10/10/2003 4:13:00 PM

From the thread "Extension Language for a Text Editor":

>> So basically, if you like a modal editor or not, go for editor of form
>> of your choice. I've seriously considered switching to vim simply
>> because of the ruby support. (A few things have kept me from doing
>> this, but they were merely technical issues.)

> You're welcome to come aboard ;-). I'm the maintainer of the Vim indent
> script, together with Gavin Sinclair. It is, in my opinion, better than
> the one that comes with Emacs, even though I guess Matz wrote that one
> ;-).

I was meaning to mention this anyway, but now I can't resist. I think
a great project for someone to work on - someone who really really
wants to work on a project but isn't sure what :) - is a Ruby code
indenter.

Input:
Ruby code

Output:
Properly indented Ruby code, perhaps accounting for user preferences

Motivation:
Ruby is a hard language to programatically indent, for reasons that
will become obvious if this thread goes anywhere. Attempts to
provide support for this in Vim and Emacs are progressing, but are
hampered by languages which are not really suited to the task
(please prove me wrong).

If a general-purpose program were provided, it would offer a
solution to any editor and for standalone use, as well as inspiring
greater agility in the existing editor plugins. It would not render
such plugins obsolete, rather provide a backup for the tasks they do
not easily do (indent entire file, accounting for prefs, comments,
here-docs, etc.).

Comments:
A Ruby implementation could take advantage of irb code, just like
RDoc does. Understanding Ruby code, as opposed to reading a text
stream, makes indentation much easier.

There's no way I have time to work on this; just throwing it out
there in case it catches someone's fancy.

BTW...

>> Because [Emacs is] general, people have written lots of stuff, some
>> of which is quite silly (tetris, web browser, etc.),

...on the rare occasions I play Tetris, it's as a Vim plugin :)
Search www.vim.org if you're interested.

Gavin

5 Answers

Nikolai Weibull

10/10/2003 5:25:00 PM

* Gavin Sinclair <gsinclair@soyabean.com.au> [Oct, 10 2003 18:20]:
> I was meaning to mention this anyway, but now I can't resist.
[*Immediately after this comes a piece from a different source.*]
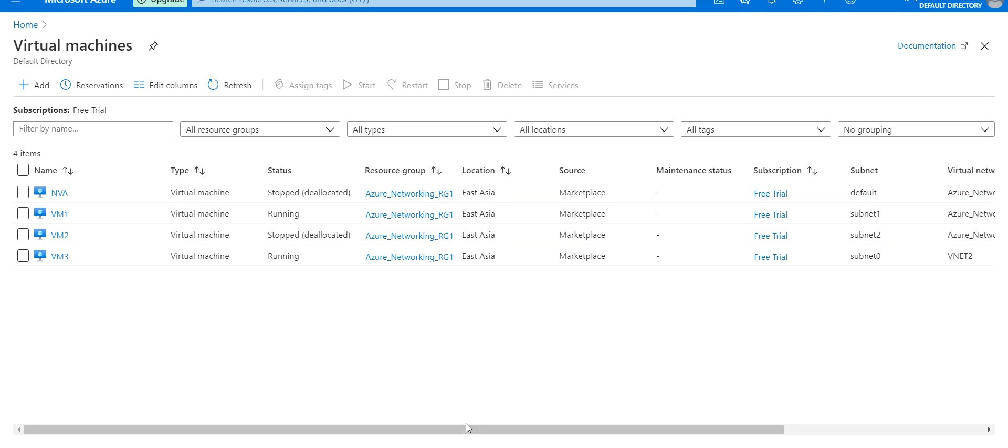For ping to work, operating system level settings need to be configured, like firewall settings. If the network security groups ensure that these settings are enabled, then any two virtual machines within the same virtual network can communicate with each other.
I think
> a great project for someone to work on - someone who really really
> wants to work on a project but isn't sure what :) - is a Ruby code
> indenter.
>
> Input:
> Ruby code
>
> Output:
> Properly indented Ruby code, perhaps accounting for user preferences
>
> Motivation:
> Ruby is a hard language to programatically indent, for reasons that
> will become obvious if this thread goes anywhere. Attempts to
> provide support for this in Vim and Emacs are progressing, but are
> hampered by languages which are not really suited to the task
> (please prove me wrong).
I'd love to prove you wrong. I have, however, as you, discovered that
it is a bitch to indent Ruby programatically. It's syntax is simply too
general. There is such overloading of so many tokens that it's hard to
get every case right, while maintaining compatibility with other cases.
For every case you fix, you'll have to check that it doesn't affect any
of the other ones.
Anyway, it would be an interesting project. If I'm any judge, Perl 6
would make this very much easier to do. However, it should be generally
possible in any language. I'd assume Ruby would fit the task quite well
actually. The hard part is, of course, keeping track of all the cases.
However, it is quite well specified what may exists where, and in many
ways it is also easier to manage than a language such as C. Also, the
coding standards of Ruby are quite well defined as well, and almost
everyone seems to stick to them rather passionately, so this makes
things easier. I can't promise that I'll take a look this personally,
since I'll be rather busy with other things in a near future. I will,
however, try to improve the Vim indenter to the best of my ability.
By the way, if you read this and you use Vim, please check out the
Vim/Ruby project at
http://rubyforge.org/projects...
and try out all the latest features. Much work has been done since the
6.2 release, and it needs a good test-run.
>
> If a general-purpose program were provided, it would offer a
> solution to any editor and for standalone use, as well as inspiring
> greater agility in the existing editor plugins. It would not render
> such plugins obsolete, rather provide a backup for the tasks they do
> not easily do (indent entire file, accounting for prefs, comments,
> here-docs, etc.).
like indent(1) you mean? I rarely run indent, but if I was ever to
alter other people's code, I'd probably run it through indent(1) before
running it through Vim's.
>
> Comments:
> A Ruby implementation could take advantage of irb code, just like
> RDoc does. Understanding Ruby code, as opposed to reading a text
> stream, makes indentation much easier.
>
> There's no way I have time to work on this; just throwing it out
> there in case it catches someone's fancy.
>
> >> Because [Emacs is] general, people have written lots of stuff, some
> >> of which is quite silly (tetris, web browser, etc.),
>
> ...on the rare occasions I play Tetris, it's as a Vim plugin :)
> Search www.vim.org if you're interested.
I like the one that comes with Zsh better :-D,
niklai

--
::: name: Nikolai Weibull :: aliases: pcp / lone-star / aka :::
::: born: Chicago, IL USA :: loc atm: Gothenburg, Sweden :::
::: page: www.pcppopper.org :: fun atm: gf,lps,ruby,lisp,war3 :::
main(){printf(&linux["\021%six\012\0"],(linux)["have"]+"fun"-97);}

Gavin Sinclair

10/10/2003 11:41:00 PM

On Saturday, October 11, 2003, 3:25:17 AM, Nikolai wrote:

> By the way, if you read this and you use Vim, please check out the
> Vim/Ruby project at
> http://rubyforge.org/projects...
> and try out all the latest features. Much work has been done since the
> 6.2 release, and it needs a good test-run.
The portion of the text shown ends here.